Initially, Daetwyler et al. [17] assumed inconsistently that both \(\sigma_{p}^{2} = 1\) (“assuming the phenotypic variance is 1“) giving \(\sigma_{g}^{2} = h_{0}^{1}\) and \(\sigma_{e}^{2} = 1\) (“for the present, we shall conservatively take \(\sigma_{e}^{2} = 1\)”). Since the candidate and reference individuals belong to the same population, \(var\left( {w_{j } } \right) = var\left( {x_{ij } } \right)\) and \(v\left( {\tilde{g}} \right) = h_{0}^{2} + M/N\), which gives:

$$\widetilde{{r^{2} }}_{\left( 1 \right)} = \frac{{Nh_{0}^{2} }}{{Nh_{0}^{2} + M}}.$$
(2)

A correction was proposed to relax the approximation \(\sigma_{e}^{2} = 1\), which resulted in an upward correction of \(\widetilde{{r^{2} }}\).
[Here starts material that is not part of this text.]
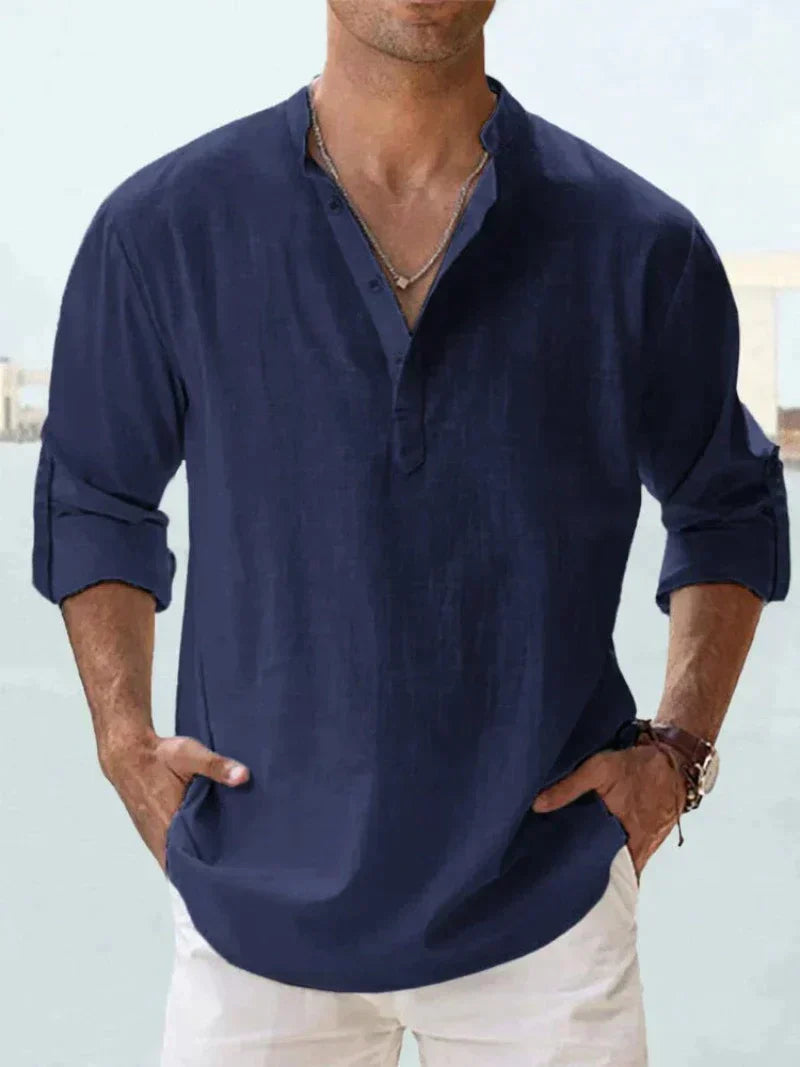 Breathable Linen Shirt for Men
The idea was to replace \(\sigma_{e}^{2} = 1\) by \(\sigma_{e}^{2} = 1 - h_{0}^{2} + h_{0}^{2}(1 - r^{2})\), giving a quadratic equation in \(r^{2}\) and

$$\widetilde{{r^{2} }}_{\left( 2 \right)} = \frac{{M + Nh_{0}^{2} \pm \sqrt {\left( {M + Nh_{0}^{2} } \right)^{2} - 4NMh_{0}^{4} } }}{{2Mh_{0}^{2} }}.$$
(3)

An alternative derivation of Eq. (2) was proposed by Wientjes et al. [32]. The main idea was that, assuming all SNPs are independent, their effects can be estimated in single random effect models, with \({\mathbf{y}} = {\mathbf{X}}_{k} \beta_{k} + {\mathbf{e}}_{k}\) for locus k, giving \(\hat{\beta }_{k} = \left( {{\mathbf{X^{\prime}}}_{k} {\mathbf{X}}_{k} + \frac{{\sigma_{{e_{k} }}^{2} }}{{\sigma_{{\beta_{k} }}^{2} }}} \right)^{ - 1} {\mathbf{X^{\prime}}}_{k} {\mathbf{y}}\). They assumed that (1) the reference population was large (\({\mathbf{X^{\prime}}}_{k} {\mathbf{X}}_{k} \approx N\sigma_{k}^{2}\)), (2) the SNPs contributed equally to the genetic variance (\(\sigma_{k}^{2} \sigma_{{\beta_{k} }}^{2} = \sigma_{g}^{2} /M\)), and (3) the individual contribution of each SNP was very small (\(\sigma_{{e_{k} }}^{2} = \sigma_{Y}^{2} - \sigma_{g}^{2} /M \cong \sigma_{Y}^{2}\)). Applying these assumptions, the BLUP of β k is \(\hat{\beta }_{k} = \frac{{{\mathbf{X^{\prime}}}_{\varvec{k}} \varvec{y}}}{{\sigma_{k}^{2} \left( {N + M\sigma_{Y}^{2} /\sigma_{g}^{2} } \right)}}\), with variance \(v\left( { \hat{\beta }_{k} } \right) = \frac{{N\sigma_{{\beta_{k} }}^{2} }}{{N + M/h_{0}^{2} }}\), and the precision of GEBV is \(r^{2} = \frac{{v\left( {\hat{g}} \right)}}{v\left( g \right)} = \frac{{\varvec{w}v\left( {\hat{\varvec{\beta }}} \right)\varvec{w^{\prime}}}}{{\varvec{w}v\left(\varvec{\beta}\right)\varvec{w^{\prime}}}} = \frac{{\frac{N}{{N + M/h_{0}^{2} }}\mathop \sum \nolimits_{k} w_{k}^{2} \sigma_{{\beta_{k} }}^{2} }}{{\mathop \sum \nolimits_{k} w_{k}^{2} \sigma_{{\beta_{k} }}^{2} }} = \frac{{Nh_{0}^{2} }}{{Nh_{0}^{2} + M}}\).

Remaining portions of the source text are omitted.